EXERCISE GOAL | Only a number is wanted: how many lines in these records contain the word "Waist"?

[Records drawn from a dataset]
= Beginning of Section =

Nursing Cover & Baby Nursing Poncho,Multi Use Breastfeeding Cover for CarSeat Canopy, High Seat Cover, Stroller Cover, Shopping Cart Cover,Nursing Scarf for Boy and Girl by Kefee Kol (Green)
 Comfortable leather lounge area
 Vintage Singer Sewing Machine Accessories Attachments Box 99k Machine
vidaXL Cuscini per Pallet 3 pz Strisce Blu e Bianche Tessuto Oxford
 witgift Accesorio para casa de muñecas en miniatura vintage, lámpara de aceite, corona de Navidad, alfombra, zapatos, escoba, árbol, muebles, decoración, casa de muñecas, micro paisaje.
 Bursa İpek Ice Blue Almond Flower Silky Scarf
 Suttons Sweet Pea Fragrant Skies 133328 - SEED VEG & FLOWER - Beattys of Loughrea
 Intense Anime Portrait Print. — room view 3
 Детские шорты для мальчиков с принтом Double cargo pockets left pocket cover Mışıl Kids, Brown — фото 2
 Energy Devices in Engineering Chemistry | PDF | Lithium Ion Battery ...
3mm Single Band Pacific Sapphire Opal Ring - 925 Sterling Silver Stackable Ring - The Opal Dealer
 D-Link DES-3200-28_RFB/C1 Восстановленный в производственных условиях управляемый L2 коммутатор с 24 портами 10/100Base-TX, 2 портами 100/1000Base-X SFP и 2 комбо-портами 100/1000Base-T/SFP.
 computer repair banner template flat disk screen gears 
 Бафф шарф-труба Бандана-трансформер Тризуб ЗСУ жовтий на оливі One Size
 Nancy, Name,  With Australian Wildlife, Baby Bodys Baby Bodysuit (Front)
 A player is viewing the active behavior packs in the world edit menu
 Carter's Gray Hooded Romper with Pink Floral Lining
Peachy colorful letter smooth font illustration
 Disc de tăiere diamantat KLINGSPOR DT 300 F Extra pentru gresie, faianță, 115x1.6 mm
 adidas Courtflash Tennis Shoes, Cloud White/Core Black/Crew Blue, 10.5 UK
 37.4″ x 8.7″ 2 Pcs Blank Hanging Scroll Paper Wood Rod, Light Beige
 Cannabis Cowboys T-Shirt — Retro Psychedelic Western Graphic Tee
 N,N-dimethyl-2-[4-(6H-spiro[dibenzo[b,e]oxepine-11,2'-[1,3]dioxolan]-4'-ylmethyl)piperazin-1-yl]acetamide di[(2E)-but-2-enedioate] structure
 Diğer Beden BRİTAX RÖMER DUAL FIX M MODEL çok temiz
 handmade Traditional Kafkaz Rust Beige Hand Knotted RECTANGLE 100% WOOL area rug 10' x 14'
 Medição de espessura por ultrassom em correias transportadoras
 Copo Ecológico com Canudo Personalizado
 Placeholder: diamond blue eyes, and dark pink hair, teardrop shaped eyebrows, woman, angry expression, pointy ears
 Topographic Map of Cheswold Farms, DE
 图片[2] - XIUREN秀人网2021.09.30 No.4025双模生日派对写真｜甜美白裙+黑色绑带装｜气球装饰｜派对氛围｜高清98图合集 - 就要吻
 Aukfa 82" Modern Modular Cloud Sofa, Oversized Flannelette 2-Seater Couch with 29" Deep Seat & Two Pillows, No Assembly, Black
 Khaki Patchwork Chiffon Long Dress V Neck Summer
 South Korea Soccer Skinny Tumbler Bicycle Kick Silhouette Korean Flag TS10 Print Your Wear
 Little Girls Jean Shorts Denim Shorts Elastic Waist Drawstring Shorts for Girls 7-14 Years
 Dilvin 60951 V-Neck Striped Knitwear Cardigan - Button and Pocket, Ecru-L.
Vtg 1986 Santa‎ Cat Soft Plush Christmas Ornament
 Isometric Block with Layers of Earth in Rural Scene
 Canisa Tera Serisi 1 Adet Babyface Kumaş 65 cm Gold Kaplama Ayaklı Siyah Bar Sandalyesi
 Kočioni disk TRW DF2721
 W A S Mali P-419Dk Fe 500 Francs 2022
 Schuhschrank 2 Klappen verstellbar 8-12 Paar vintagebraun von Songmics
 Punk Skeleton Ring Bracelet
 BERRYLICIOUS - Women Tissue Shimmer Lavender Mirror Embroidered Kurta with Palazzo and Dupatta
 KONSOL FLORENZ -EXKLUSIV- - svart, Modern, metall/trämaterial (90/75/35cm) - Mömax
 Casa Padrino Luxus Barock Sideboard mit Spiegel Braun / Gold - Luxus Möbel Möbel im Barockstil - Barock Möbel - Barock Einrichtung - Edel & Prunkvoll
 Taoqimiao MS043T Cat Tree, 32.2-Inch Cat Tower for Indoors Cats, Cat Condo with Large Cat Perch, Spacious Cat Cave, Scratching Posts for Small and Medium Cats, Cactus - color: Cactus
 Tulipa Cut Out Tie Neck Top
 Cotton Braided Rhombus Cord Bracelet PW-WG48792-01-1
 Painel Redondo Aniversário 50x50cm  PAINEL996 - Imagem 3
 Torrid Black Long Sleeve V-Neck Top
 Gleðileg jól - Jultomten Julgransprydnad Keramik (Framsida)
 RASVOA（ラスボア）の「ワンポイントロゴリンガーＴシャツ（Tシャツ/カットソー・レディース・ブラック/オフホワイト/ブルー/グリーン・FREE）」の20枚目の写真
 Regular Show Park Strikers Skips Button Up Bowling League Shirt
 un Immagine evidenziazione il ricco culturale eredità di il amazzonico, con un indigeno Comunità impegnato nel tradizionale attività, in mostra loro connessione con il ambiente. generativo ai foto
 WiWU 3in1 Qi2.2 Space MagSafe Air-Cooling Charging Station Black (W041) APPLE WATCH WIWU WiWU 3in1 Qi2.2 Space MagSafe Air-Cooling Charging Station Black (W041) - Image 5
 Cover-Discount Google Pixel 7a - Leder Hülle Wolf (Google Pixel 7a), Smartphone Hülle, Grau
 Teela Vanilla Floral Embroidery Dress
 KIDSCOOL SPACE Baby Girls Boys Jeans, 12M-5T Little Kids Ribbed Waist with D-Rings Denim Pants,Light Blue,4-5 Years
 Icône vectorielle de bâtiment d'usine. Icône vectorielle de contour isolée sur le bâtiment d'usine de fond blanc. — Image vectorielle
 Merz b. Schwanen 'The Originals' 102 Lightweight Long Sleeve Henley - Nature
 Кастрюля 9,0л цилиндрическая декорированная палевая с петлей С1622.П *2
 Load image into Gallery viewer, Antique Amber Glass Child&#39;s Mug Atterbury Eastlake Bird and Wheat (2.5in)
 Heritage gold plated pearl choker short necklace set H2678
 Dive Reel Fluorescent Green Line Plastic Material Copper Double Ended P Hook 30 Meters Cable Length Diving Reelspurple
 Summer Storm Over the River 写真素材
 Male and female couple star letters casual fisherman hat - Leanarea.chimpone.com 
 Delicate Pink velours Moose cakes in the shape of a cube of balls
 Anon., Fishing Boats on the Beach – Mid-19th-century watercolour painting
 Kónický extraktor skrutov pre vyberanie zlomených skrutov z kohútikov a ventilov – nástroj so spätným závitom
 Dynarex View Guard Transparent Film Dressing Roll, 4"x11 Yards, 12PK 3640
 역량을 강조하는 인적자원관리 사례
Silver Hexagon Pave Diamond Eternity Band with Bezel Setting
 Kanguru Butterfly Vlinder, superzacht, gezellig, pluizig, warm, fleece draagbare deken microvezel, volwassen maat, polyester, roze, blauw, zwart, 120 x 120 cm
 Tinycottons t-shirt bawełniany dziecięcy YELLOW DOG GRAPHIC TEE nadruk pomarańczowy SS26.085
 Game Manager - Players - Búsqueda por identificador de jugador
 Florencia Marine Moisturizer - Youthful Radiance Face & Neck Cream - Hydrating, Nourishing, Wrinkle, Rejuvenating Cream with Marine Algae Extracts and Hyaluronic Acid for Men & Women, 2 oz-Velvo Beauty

= End of Section =

ANSWER SPACE | 2